During the ceremony, Ann Frankel (Tjalling’s daughter) spoke of her father, his work, and details of the Nobel Prize before handing it over to former Cowles Director, Al Klevorick, who accepted the medal on behalf of the Cowles Foundtion.
“In my view, Tjalling Koopmans embodied, in person and in his work, the Cowles Foundation,” said Klevorick. “It is a great honor for us to have the medal and be able to display it.”
To mark the occasion, Yale Economics Professors and Nobel laureates William Nordhaus and Robert Shiller were on hand to speak of Koopmans’ influence on their careers.
Professor Robert Shiller spoke of Koopmans’ influence in the use of theory in the ﬁeld of economics. Shiller went on to explain how the Cowles Foundation seal and its motto changed when the foundation moved to Yale, and how the motto was influced by Koopmans, as well as the Foundation’s move. “The motto is, ‘Theory and Measurement,’ which is exactly a transposition of [Koopmans’] 1947 paper,” said Shiller.
“I think the spirit of [Koopmans’] research lives on at Cowles,” said Shiller. ”Tjalling was very import in forming the ethos and method that lives on today in the Cowles Foundation, and more broadly, the Yale community.”
Professor William Nordhaus spoke of meeting Tjalling Koopmans for the ﬁrst time during a job interview, and how he was impressed with Koopmans’ wide range of interests. He said it was Koopmans’ influce of mathematical programming that put him on the environmental-economics track. Koopmans suggested that Nordhaus use programming models to better understand the way systems work rather than econometrics for estrucural analysis to ultimately see the impacts of ecomomics on climate change.
During his remarks, Nordhaus quoted a toast given by Koopmans during the 1975 Economics Nobel banquet to show Koopmans’ foresight on environmental issues. “We need to seek a balance between enegy production, food production, and anticipated other global eﬀects and interregional inequities to be compensated for,” read one line from Koopmans toast. “I thought that was really extrordinary; so far ahead of everyone else. So far ahead of his time,” said Nordhaus.
“That was what was so special about working with Tjalling,” said Nordhaus. “He had fundemental and deep insights into so many areas. It lives with me and my spirt in a way I think about economics, and a way I think about society and social issues.”
Ann Frankel was joined by her husband Joseph Frankel, her son Martin Ünsel-Frankel, and Martin’s wife, Gün Ünsal-Frankel. Joseph Frankel reminesed of Koopmans from a “diﬀerent perspective” with an anctedote as a “young suitor” when courting Ann. Joseph Frankel said he was given a problem by Koopmans to solve to see if he was capable of a shift in perspective. “Foruntatley, I passed that one,” quipped Frankel.

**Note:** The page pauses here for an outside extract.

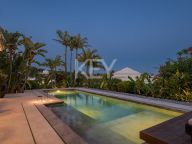Villa for sale in Nueva Andalucia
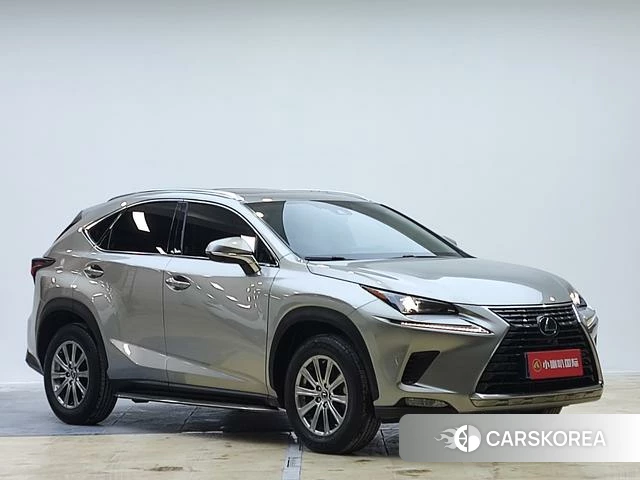 Lexus NX id 4298360 из Китая 19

Tjalling Koopmans (jointly with Leonid Kantorovich) was awarded the Nobel Memorial Prize in Economic Sciences in 1975 for his contributions to the ﬁeld of resource allocation, speciﬁcally the theory of optimal use of resources. ”I think [the medal] is and will be an inspiration for faculty and students who come here to see it,” said Nordhaus.
The medal is planned to be permanently displayed in the Cowles Foundation building at 30 Hillhouse Ave. A brief biogrpahy of Tjalling can be found on the Cowles website.
To show Koopmans’ forethought on how climate change would have an impact for future generations, Professor Nordhaus quoted from a toast given by Koopmans at the 1975 Economics Nobel banquet dinner. One sentence from Koopmans’ toast said, “We need to seek a balance between enegy production, food production, and anticipated other global eﬀects and interregional inequities to be compensated for.”